WHAT YOU ARE ASKED TO DO =
Once the line holding "Villa Iyara Piscine" appears, repeat it and each line after it to the end of the data, exactly and with nothing else; pictures stay out.

Image-text web data =
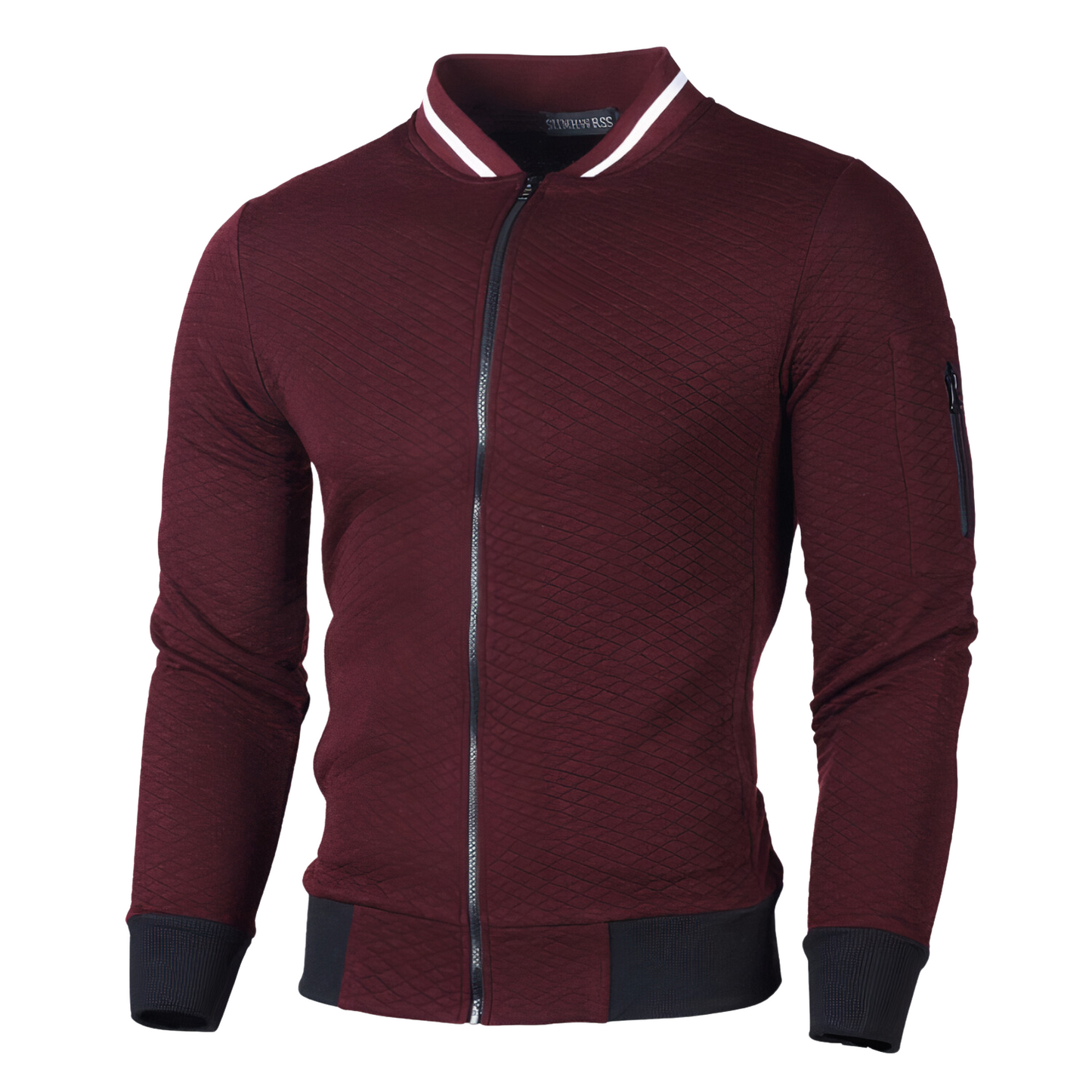 Konstantin - Casual minimalistisk varm jacka för män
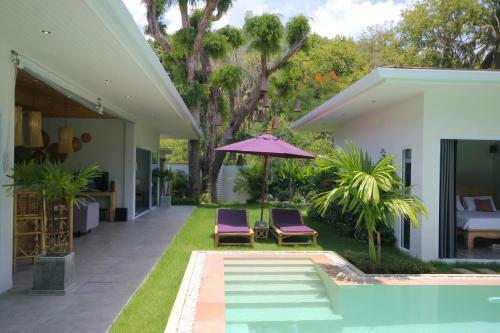 Villa Iyara Piscine Priv�e Et Jardin Tropical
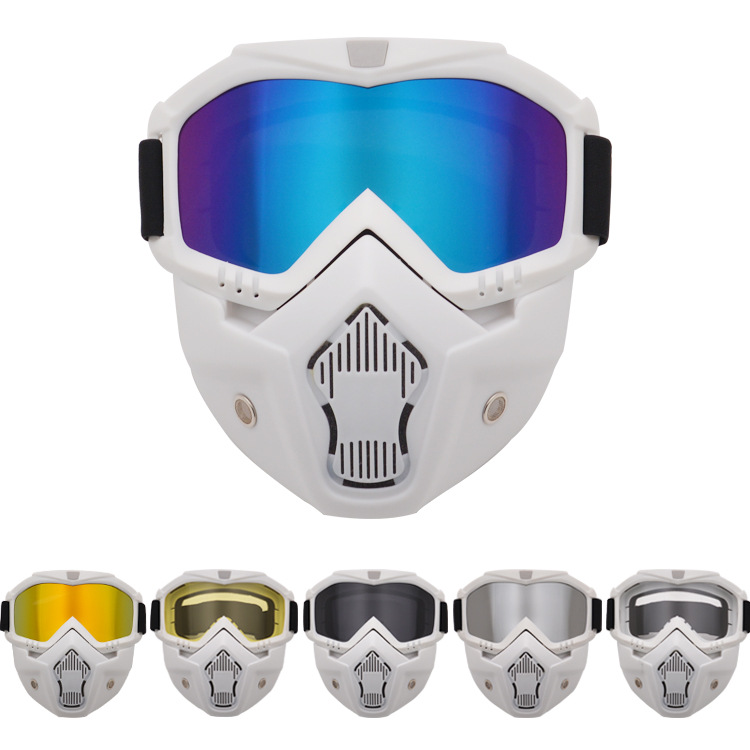 (Cross-border trading), mask, protecting glasses, lens, helmet, tactics travel equipment for cycling 5
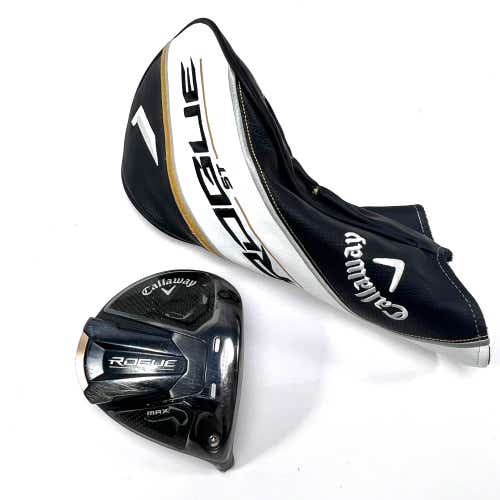 Callaway Rogue ST Max Driver 10.5* HEAD ONLY Mens RH HC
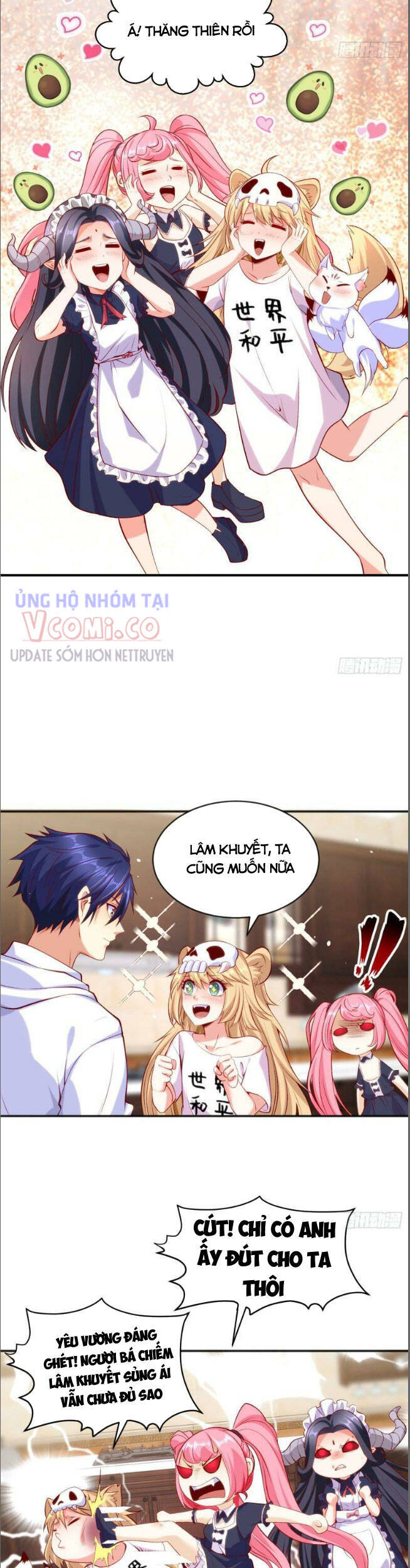 Vô Địch Từ Cưỡng Hôn Ma Nữ Chapter 45 - Trang 2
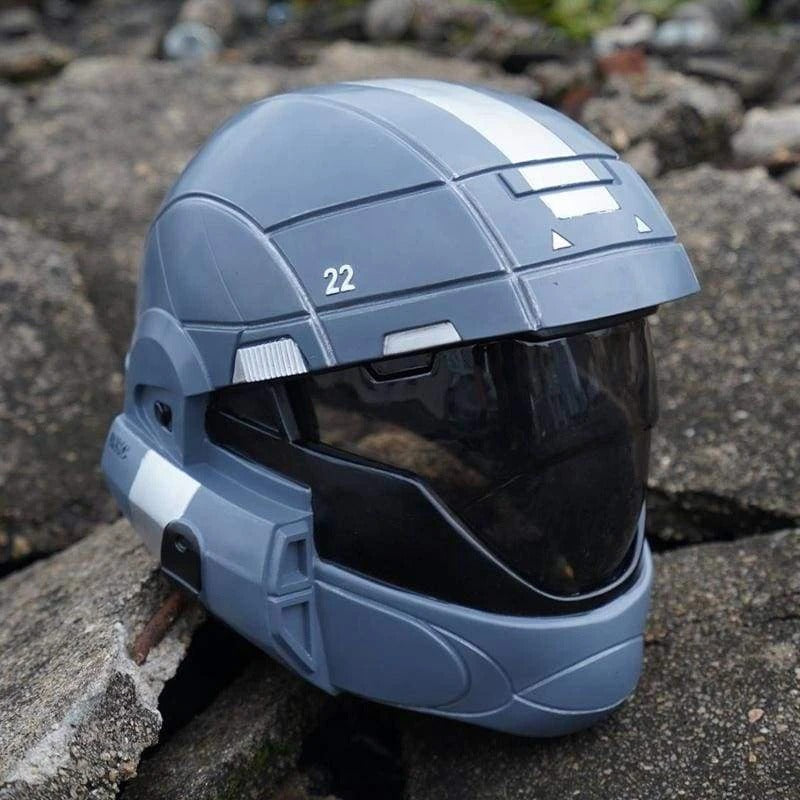 Xcoser Kostenloser Versand 1:1 Scale Replica Halo3: ODST Cosplay Helmet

ANSWER FOR THE TASK =
 Villa Iyara Piscine Priv�e Et Jardin Tropical
 (Cross-border trading), mask, protecting glasses, lens, helmet, tactics travel equipment for cycling 5
 Callaway Rogue ST Max Driver 10.5* HEAD ONLY Mens RH HC
 Vô Địch Từ Cưỡng Hôn Ma Nữ Chapter 45 - Trang 2
 Xcoser Kostenloser Versand 1:1 Scale Replica Halo3: ODST Cosplay Helmet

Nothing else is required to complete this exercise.